Here is some lore about abstraction and modularity mechanisms in Coq and Lean which I think may be relevant for setting conventions for stdlib2:
example of where module functors are not good for defining the algebraic hierarchy: the final theorem of a development quantifies over
n
and talks about the ring of integers modn
, instantiating a library of lemmas about arbitrary rings with that n. If that library is implemented as a module functor, the top-level theorem of the development would also need to be a module functor.

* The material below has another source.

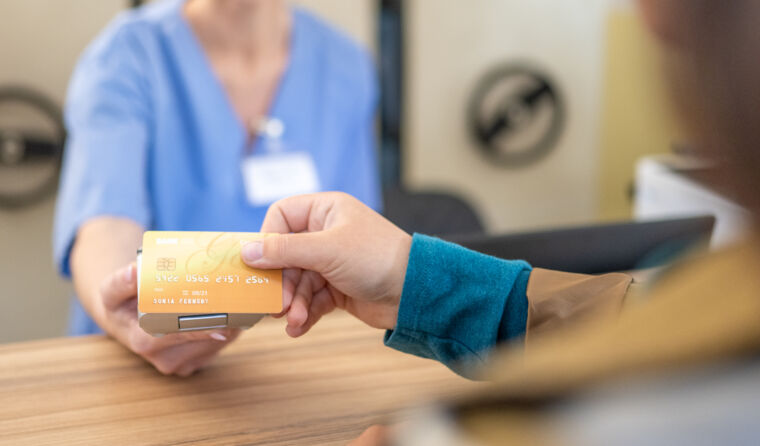 Person paying at a clinic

Then every other development would need to be defined using functors when calling that theorem with arguments that in turn depend on universally quantified variables. I hear people find this very inconvenient, and there is also the current limitation that a module functor cannot be instantiated by an Ltac script.https://github.com/leanprover/lean/wiki/Refactoring-structures highlights downsides of "bundled" and "unbundled" patters of using typeclasses as modules:
https://github.com/mit-plv/fiat-crypto/issues/233 and the RecordImport feature request https://github.com/coq/coq/issues/7808 are my half-baked attempt of working around this dilemma... For an example of emulating this using current Coq features, see https://github.com/mit-plv/bedrock2/pull/14 (later discussion on that issue comes back to other modularity mechanisms which may be also relevant).
Note that the question of modularity interacts with what kind of unification is expected of tactics. For example, if it is expected that code will contain both
@ring_add Zring
andZ.add
, we will likely want tactics to treat them interchangably, and for performance reasons this will likely need to use some restricted form of unification ("alias unification" using Tarjan's algorithm).